== Material for the task
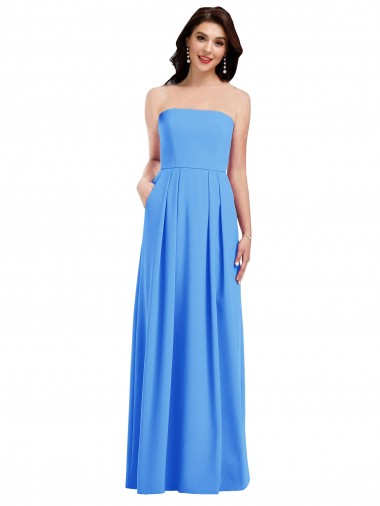 Discount Strapless Pleated Skirt Crepe Bridesmaid Dress / Prom Dress with Pockets UK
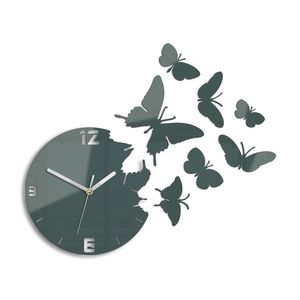 Moderné nástenné hodiny MOTÝLE GRAY gray (nalepovacie hodiny na stenu) vyobraziť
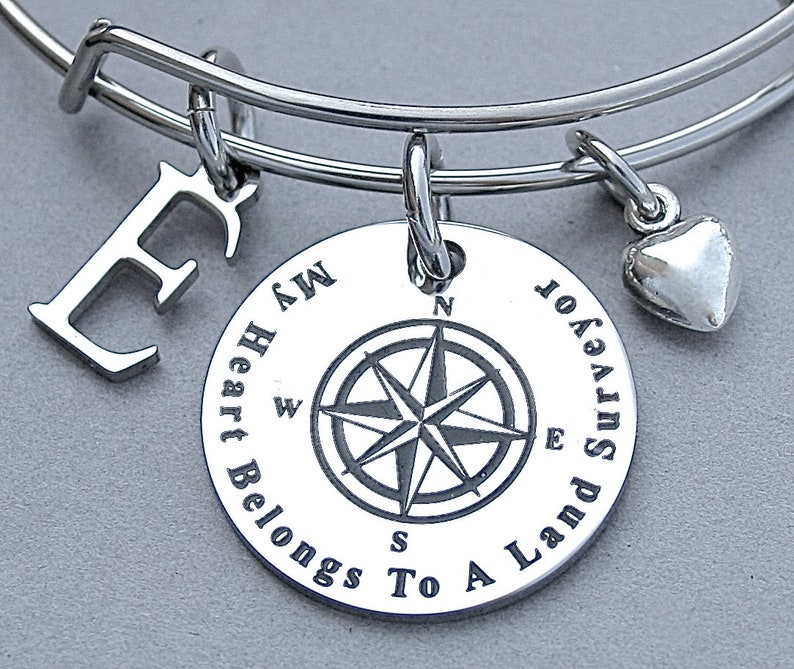 My Heart Belongs To A Land Surveyor Stainless Steel Charm Etsy - image 0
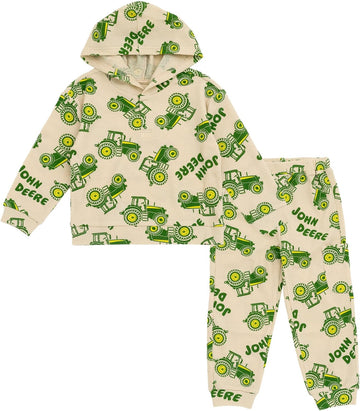 Tractor Waffle Knit Henley Hoodie and Jogger Pants Outfit Set to Little Kid Months - 5)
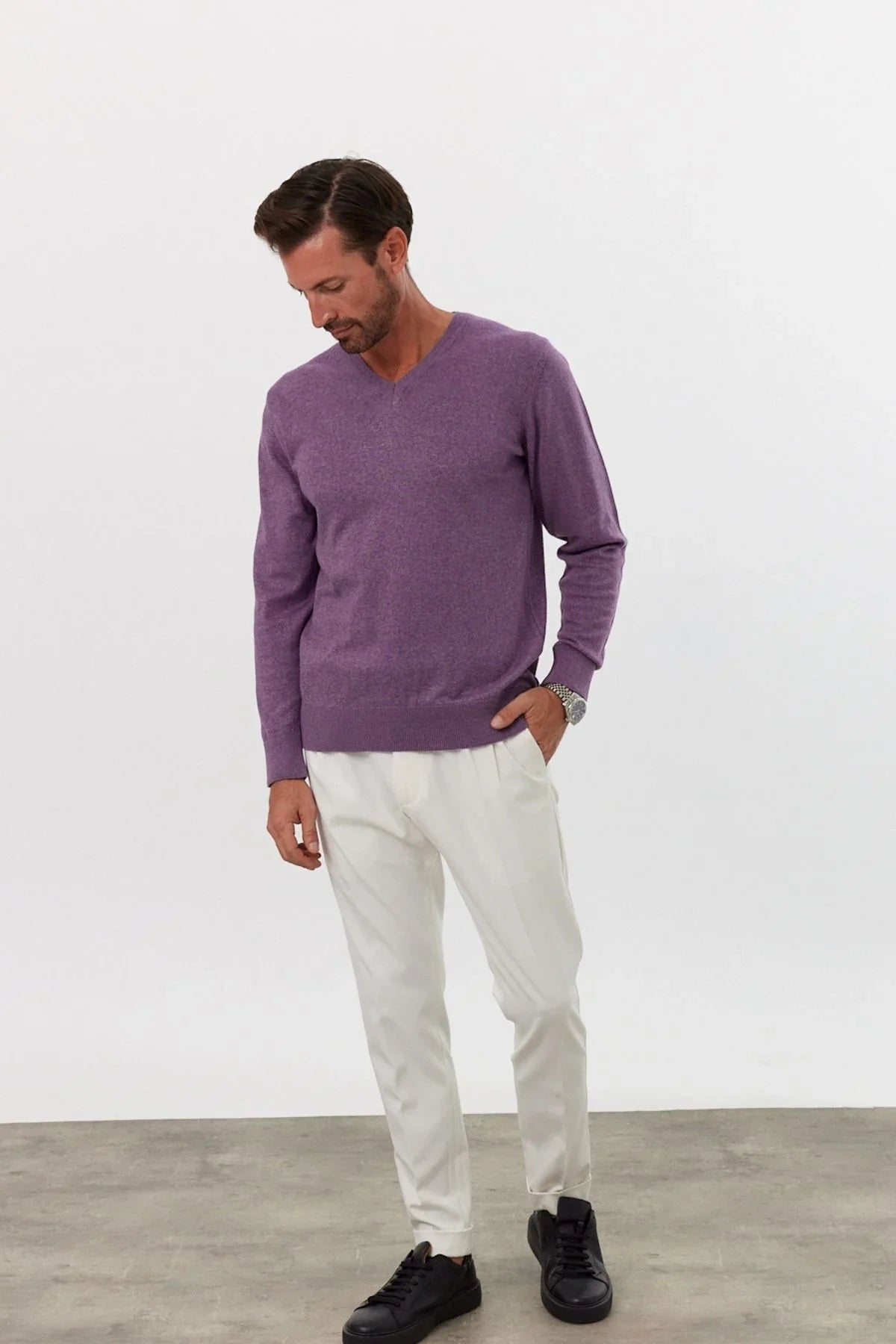 Erkek Pamuk V Yaka Standart Fit Normal Kesim Triko Kazak - Livio Ferri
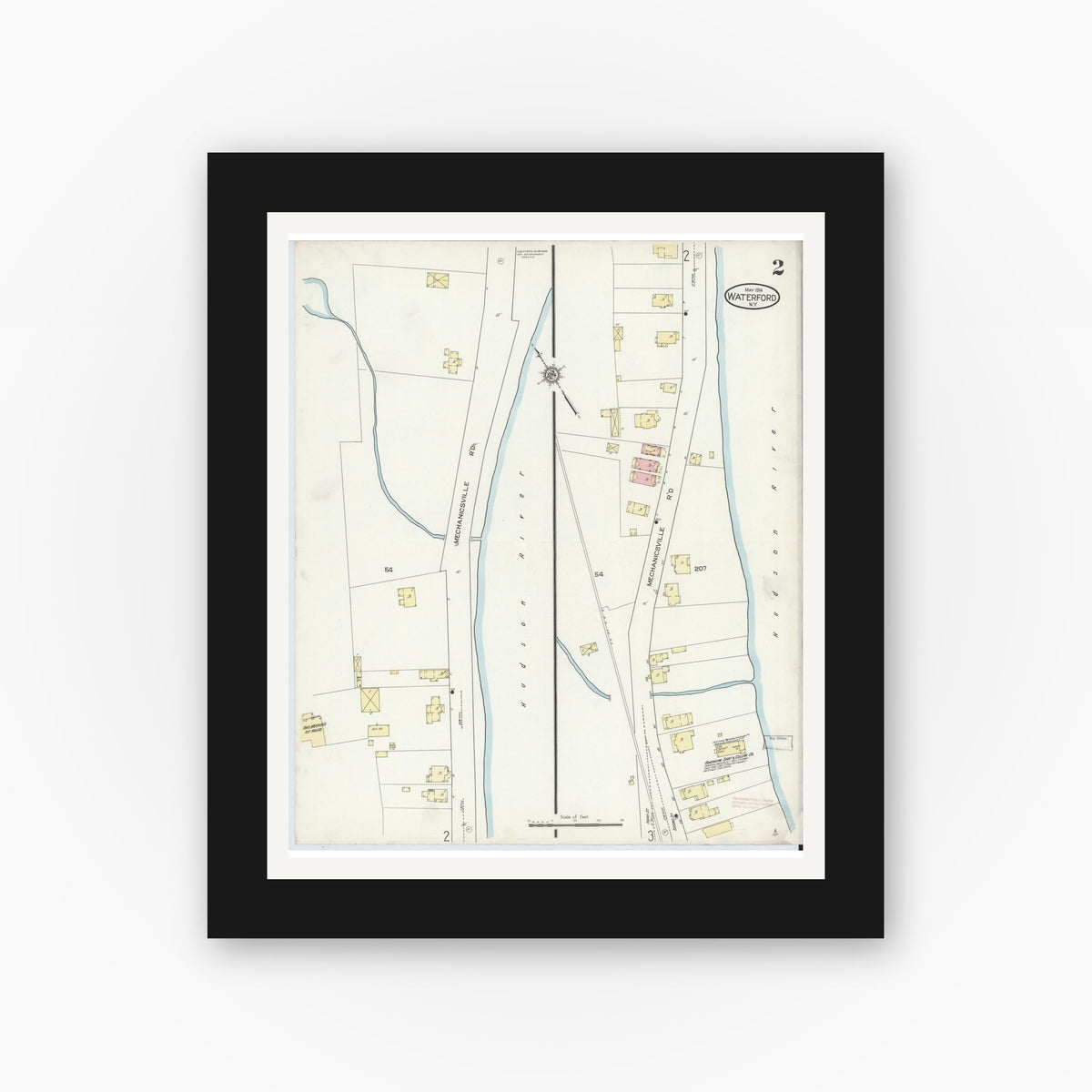 Old map wall art mockup — black gallery frame with white mat — Sanborn Fire Insurance Map from Waterford, Saratoga County, New York (1914), Sheet #0002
====
Work to be completed - Print every line above exactly. Leave the pictures out.

The completed task -
 Discount Strapless Pleated Skirt Crepe Bridesmaid Dress / Prom Dress with Pockets UK
 Moderné nástenné hodiny MOTÝLE GRAY gray (nalepovacie hodiny na stenu) vyobraziť
 My Heart Belongs To A Land Surveyor Stainless Steel Charm Etsy - image 0
 Tractor Waffle Knit Henley Hoodie and Jogger Pants Outfit Set to Little Kid Months - 5)
 Erkek Pamuk V Yaka Standart Fit Normal Kesim Triko Kazak - Livio Ferri
 Old map wall art mockup — black gallery frame with white mat — Sanborn Fire Insurance Map from Waterford, Saratoga County, New York (1914), Sheet #0002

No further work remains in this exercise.